Source material:
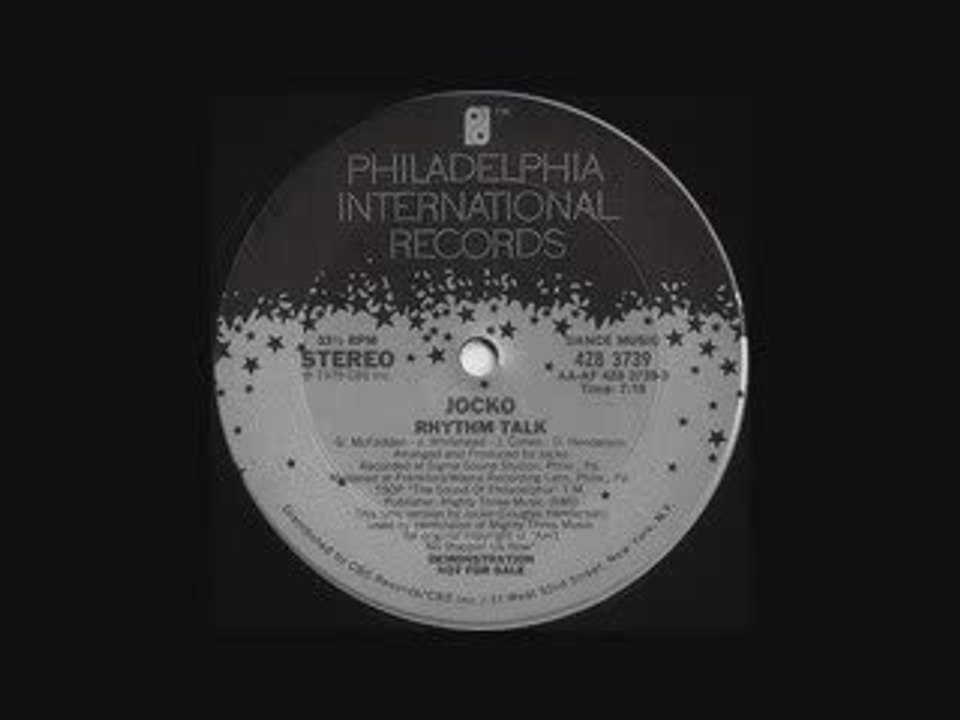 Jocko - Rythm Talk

* * *

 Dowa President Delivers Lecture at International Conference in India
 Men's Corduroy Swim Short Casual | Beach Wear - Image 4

Activity: Would you please copy exactly the part of the entries above that begins at the line containing "Dowa President Delivers" and ends at the line containing "Men's Corduroy Swim", both lines included?

Reply:
 Dowa President Delivers Lecture at International Conference in India
 Men's Corduroy Swim Short Casual | Beach Wear - Image 4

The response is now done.